Volume 92, Issue 50
Wednesday, December 2, 1998
|ARTS AND ENTERTAINMENT
Second Babe paints city red
Photo by Rhythm & Hues
By Terry Warne
"Dogs look up to us, cats look down on us and pigs look on us as equals," Winston Churchill once said. After seeing Babe: Pig in the City, only one conclusion can be drawn everyone should act like the pig. Babe is first class family entertainment.
This movie is the sort of sweet, wholesome entertainment which acts as a repellent for most university students. However, if all attitudes are checked at the door and the movie is approached with an open mind, viewers will be pleasantly surprised.
The sequel to the Academy Award winning Babe sees the famous pig leaving the comfortable confines of his farm and making for the big city with a human in tow.
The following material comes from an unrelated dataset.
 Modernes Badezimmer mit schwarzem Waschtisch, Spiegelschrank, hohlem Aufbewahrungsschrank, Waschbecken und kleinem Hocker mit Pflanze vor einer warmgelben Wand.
The Hoggett farm has fallen on hard times since the original film and Babe must save it by earning appearance fees at state fairs herding sheep.
In this type of movie, the plot is secondary to the antics and foibles of the outrageous assortment of characters. Babe is joined, among others, by a family of chimpanzees, an orang-utan, an operatic choir of felines, a duck and a dog whose arthritic hind legs are mounted on wheels. Through the course of the movie, each character must come to terms with themselves and their surroundings, eventually becoming a better animal as a result of Babe's influence.
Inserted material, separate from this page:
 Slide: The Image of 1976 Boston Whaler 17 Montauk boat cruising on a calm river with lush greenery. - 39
What is so wonderful about these animal characters is the reality instilled in them. With computer animation moving their mouths as they talk, it is easy to forget they are only animals. Credit for this effect goes to the voice talents behind the characters, including Steven Wright, E.G. Daily (Rugrats) and Glenne Headly (Mr. Holland's Opus). In particular, Wright's trademark monotone is suited perfectly to the serene look of his chimp character.
Another star of the movie is the fairy tale city visited by Babe. The city is full of marvels, including the Eiffel Tower, the Statue of Liberty, the Sydney Opera House and the Golden Gate Bridge. Much of the action takes place in a house within a section of the city, which seems transplanted from Venice, as seen in the canals and surrounding footbridges. It is obvious the creators are trying to produce a universal city to match the universal theme of the film.
Often, children's movies suffer from an abundance of sentimentality or preaching. Director and co-writer George Miller (Mad Max) never allows this to happen. Miller presents his message in a simple way, allowing the viewer to discern it through the actions of Babe. Babe: Pig in the City succeeds because Miler takes his story seriously and doesn't attempt to undermine it with cheap antics.
The final moral of the story is when in doubt, ask yourself what the pig would do.